**Aim of the task:** Once you find the line with "11 Sun Crest Lane, Cathlamet, WA 98612" in the data below, transcribe exactly each line from there to the line with "#DefenceForcesDay2024", inclusive, and nothing else. Drop the pictures.

**Information supplied:**
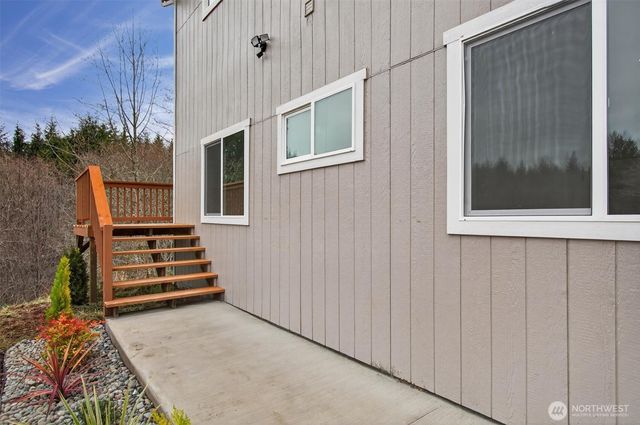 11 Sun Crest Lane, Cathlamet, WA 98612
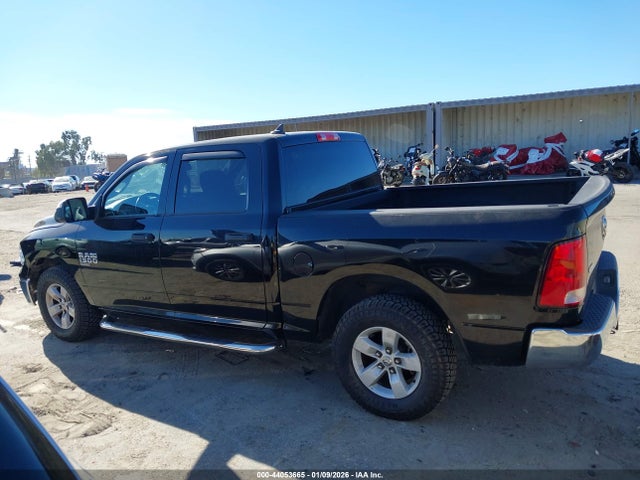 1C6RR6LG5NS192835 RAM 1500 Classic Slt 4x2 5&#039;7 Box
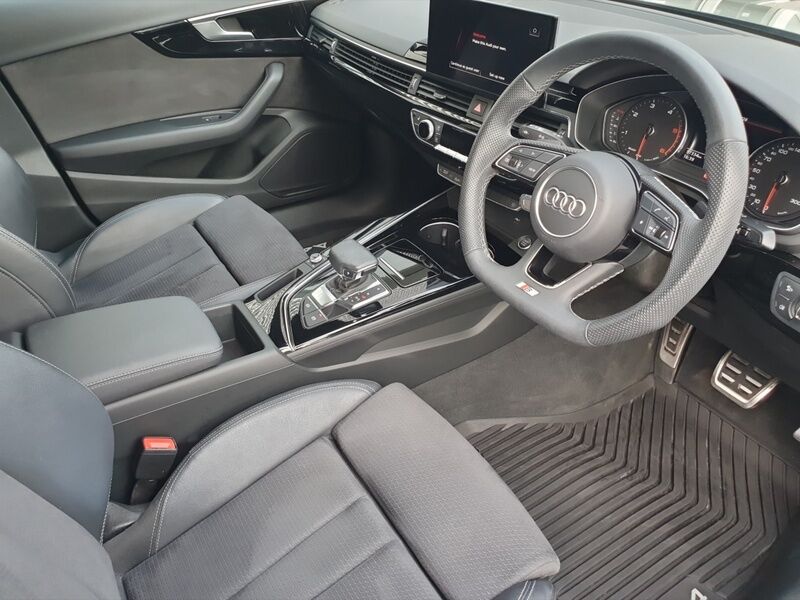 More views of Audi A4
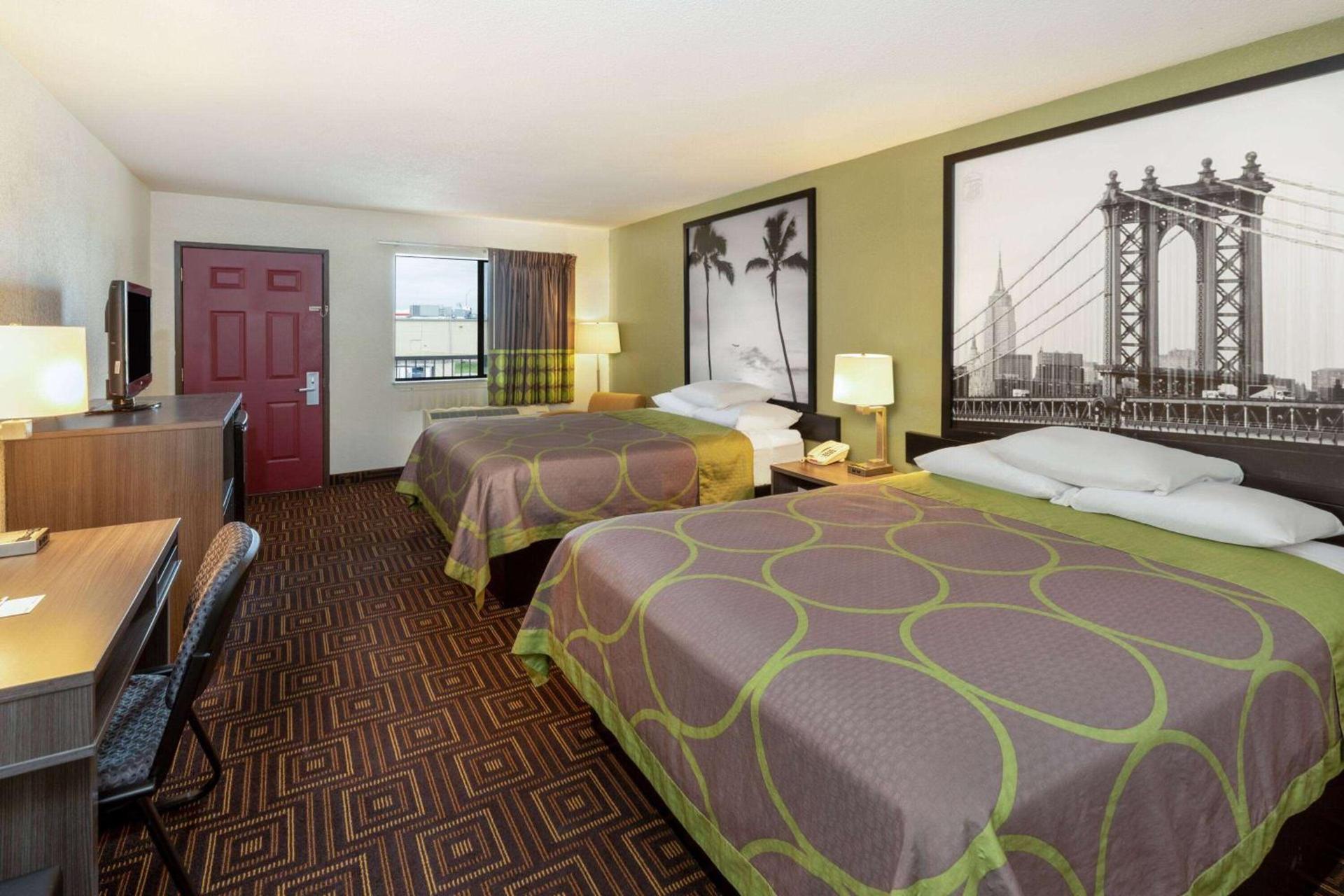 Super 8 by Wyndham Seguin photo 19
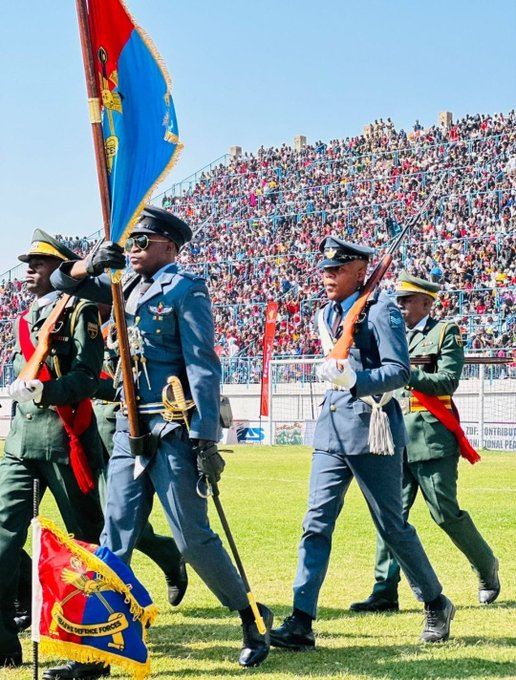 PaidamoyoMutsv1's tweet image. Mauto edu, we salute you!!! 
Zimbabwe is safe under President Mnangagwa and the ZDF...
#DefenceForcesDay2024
* * *
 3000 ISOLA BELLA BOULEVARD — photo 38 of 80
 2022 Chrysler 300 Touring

**Written response:**
 11 Sun Crest Lane, Cathlamet, WA 98612
 1C6RR6LG5NS192835 RAM 1500 Classic Slt 4x2 5&#039;7 Box
 More views of Audi A4
 Super 8 by Wyndham Seguin photo 19
 PaidamoyoMutsv1's tweet image. Mauto edu, we salute you!!! 
Zimbabwe is safe under President Mnangagwa and the ZDF...
#DefenceForcesDay2024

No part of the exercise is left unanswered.